> _EXCERPTED RECORDS_:
*** Begin section ***

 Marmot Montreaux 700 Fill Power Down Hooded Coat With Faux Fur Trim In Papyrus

*** End section ***
*** Begin section ***

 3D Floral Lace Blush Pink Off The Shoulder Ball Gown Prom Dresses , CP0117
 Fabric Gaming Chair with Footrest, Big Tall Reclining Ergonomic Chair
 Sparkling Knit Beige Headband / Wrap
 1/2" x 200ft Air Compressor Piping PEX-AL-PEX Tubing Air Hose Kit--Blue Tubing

*** End section ***

> _HOW TO COMPLETE THIS TASK_: Print, without alteration, only the lines above between the one holding "Sparkling Knit Beige Headband / Wrap" and the one holding "Hose Kit--Blue Tubing", inclusive.

> _THE ANSWER_:
 Sparkling Knit Beige Headband / Wrap
 1/2" x 200ft Air Compressor Piping PEX-AL-PEX Tubing Air Hose Kit--Blue Tubing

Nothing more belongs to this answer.